An interesting FYI that I think proves this point is the fact that the Doctor (I don't know which) did in fact manage to repair the chamelion circuit at one time. This gave the show a few moments of comedy, since the TARDIS turned into a pipe organ and the Doctor banged on the keys a bit. Afterwards, though, the Doctor decided to keep the TARDIS in the guise of a police box, because he had grown attached to that particular form. I think a more accurate statement would be to say that the fans had grown attached to that particular form, and to change it would be ratings suicide.
This brings me to my second point. As devoted as I am to Doctor Who, the fact that the TARDIS has remained in the form of a police box so immutably forces me to question the Doctor's intelligence in this area.
Have you ever noticed, in episodes where the basic plot is the Doctor versus the Master, how the Master's TARDIS always blends so well into the surroudings in which it lands, and the Doctor's always sticks out like the proverbial sore thumb? For example, in "The King's Demons", the Master's TARDIS is in the form of an iron maiden, which fits beautifully into any particular setting in which it would be placed in Lord Ranulf's castle. The Doctor's TARDIS, on the other hand, stands out garishly every time we see it. If the chamelion circuit were working, the Doctor, Tegan and Turlough might still have been alleged to be demons, but they would have had a much easier time gaining the trust of the people.
There are many other such occurences, not all in episodes involving the Master, where the Doctor might have had an easier time getting things done had he been able to change the TARDIS's appearance. Blatantly ignoring such an obvious way of making his work easier is a definite strike against the Doctor's competence.
The third, and probably correct, theory I have as to why the TARDIS remianed a police box is the fact that, aside from those rare occasions where it occasionally worked, the BBC simply couldn't afford it.
I base this theory on this rather rare event: the regeneration scenes. Usually, when the Doctor regenerates, the effect is done by a bright light appearing that obstructs our view of the Doctor, and when the light finally fades again, the new Doctor has taken the old one's place (i.e., Hartnell- Traughton, Davison-Baker(2)).
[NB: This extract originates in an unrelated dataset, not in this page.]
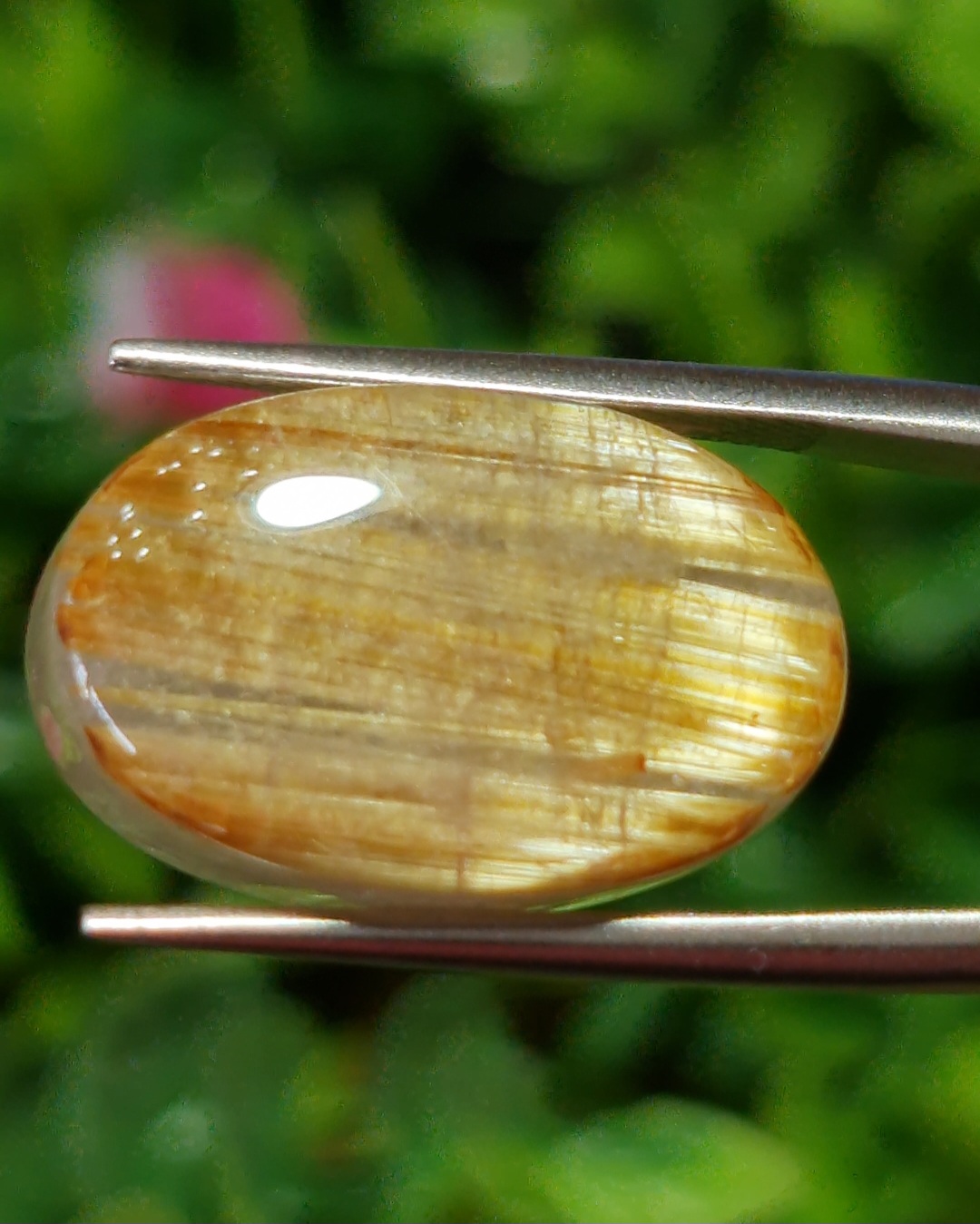 ตาแมว ไหมทอง ควอตซ์ Cat eye Golden Rutilated Quartz 17.0 กะรัต Cts.พลอยแท้ อัญมณีมงคลประจําวันเกิด เครื่องประดับพลอย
In some cases, though, we are treated to the neat effect of watching the old Doctor's features melt into those of the new (Pertwee-Baker(1)). These regenerations use some of the most advanced special effects that the series ever saw, and as such must have cost quite a bit. I think that if the BBC had decided to allow the Doctor to fix the TARDIS's chamelion circuit, they would probably have opted to have it land in the necessary form, only allowing us to watch it change on rare occasions, if at all.
But this brings us back to the fans again. In the case of the Master's TARDIS, in those episodes where we see his TARDIS land before we ever see the Master himself, we don't know that it's the Master's TARDIS until we see him use the thing, or step out of it, or whatever. If the Doctor's TARDIS landed in a different form every time as the Master's does, the fans would get confused. At it is now, every time we hear that fabulous "grd-whir-grd" and see a blue police box with a flashing light on the roof appear, we know that good has arrived, evil will ultimately be vanquished, and it's time to start cheering, for the Doctor has come!
Why a police box?
Because in 1963 the BBC worked itself into a rut that, on many levels, it would have been suicide to climb out of.
That's "why a police box", Doctor Halloway.